The PCB protests also propelled change in race relations. Wayne Mosely, who is White, marched in the protests and believes it changed the political landscape of the county.
“You rarely saw Blacks and Whites socializing together, but this is the first time I had ever known Blacks and Whites to eat together, join hands, march together, sing together,” he told CBS News.
He believes the protests represented a turning point, when the predominantly Black county began electing more Black elected officials, including Clayton.
Clayton, the first Black woman elected to Congress from North Carolina, was elected in 1992. She believes turnout in the Black Belt’s rural Black communities, which have been overlooked by Democratic campaigns in the past, is key to winning both the1st District and the state for a Democratic presidential candidate.
“You can’t do it just on the urban front,” she said. “You should not ignore that the Blacks who are in rural areas are there.”
Across rural Eastern North Carolina, organizations, like Woke Vote, a nonprofit working to increase voter turnout and community engagement in politics, are working to get out the vote.
One Sunday this summer, the group paid a visit to Mark Chapel Baptist Church to speak to the community.

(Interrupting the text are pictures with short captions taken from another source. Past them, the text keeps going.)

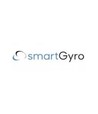 smartGyro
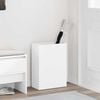 Vignette du produit 2 sur 12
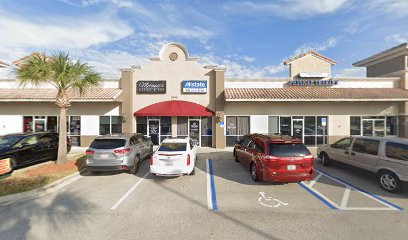 SpaceCoast AV Consultants, LLC — Home Automation in Rockledge, FL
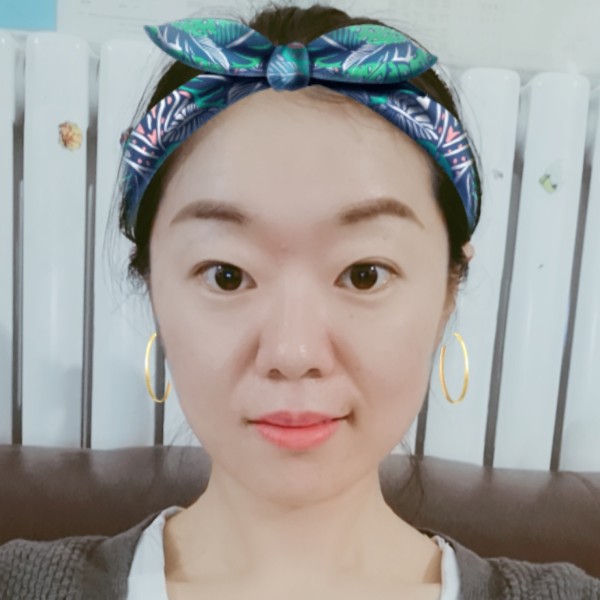 comma的照片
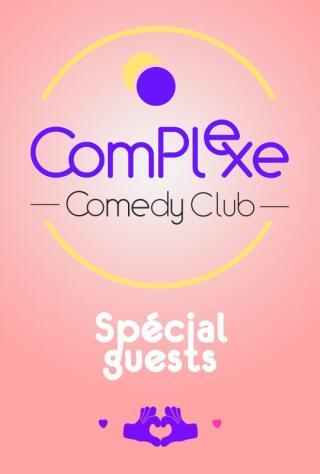 comedyclubspecialguests540x800_1755194811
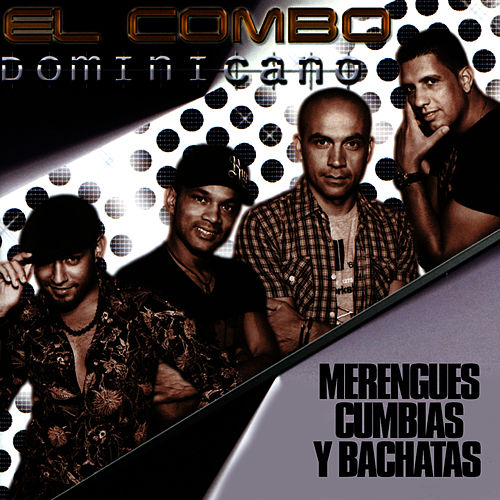 Que Precio Tiene El Cielo - El Combo Dominicano - Percussions_Mambo Intro KICK - DJ C-MixX - 128BPM - 2 VERSIONES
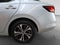 2023 Nissan SENTRA ADVANCE CVT 23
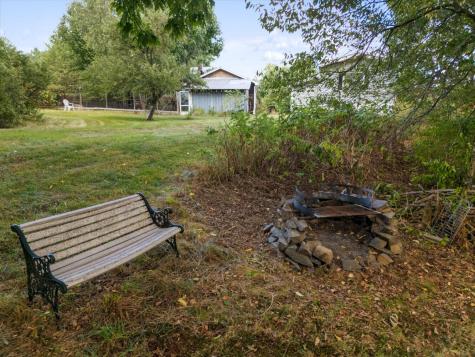 23 Heald Road Anson ME 04911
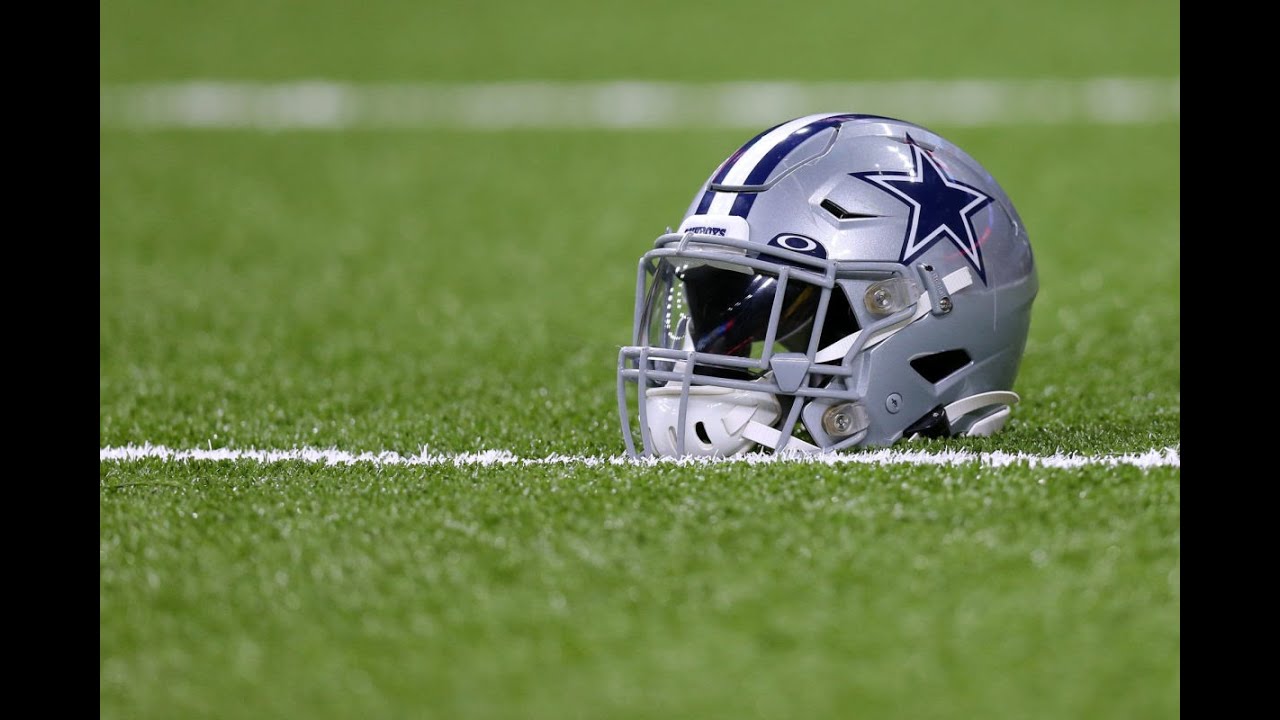Cowboys Vs 49ers Reaction From A Real Cowboys Fan YouTube cowboys-vs-49ers-reaction-from-a-real-cowboys-fan-youtube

Tilda Whitaker-Bailey, Edgecombe County Lead at Woke Vote, helped register voters and inform them about the identification they’ll need to vote and a plan to get to the polls.
“They are waking up to the fact that they need to get involved,” she said. “They need to do something to change those numbers. They are aware that they haven’t shown up well because they haven’t gotten the results that they want to see.”
As a result, church leaders have been urging their congregants to register. Some, like Pastor Douglas Leonard at Mark Chapel, are coordinating transportation.
“We just want to educate folk on the importance of voting, how significant it is, and why we as people of color should always go to the polls,” he told CBS News. “So many of our ancestors even died that we will have the right to vote, and we don’t want their death to be in vain.”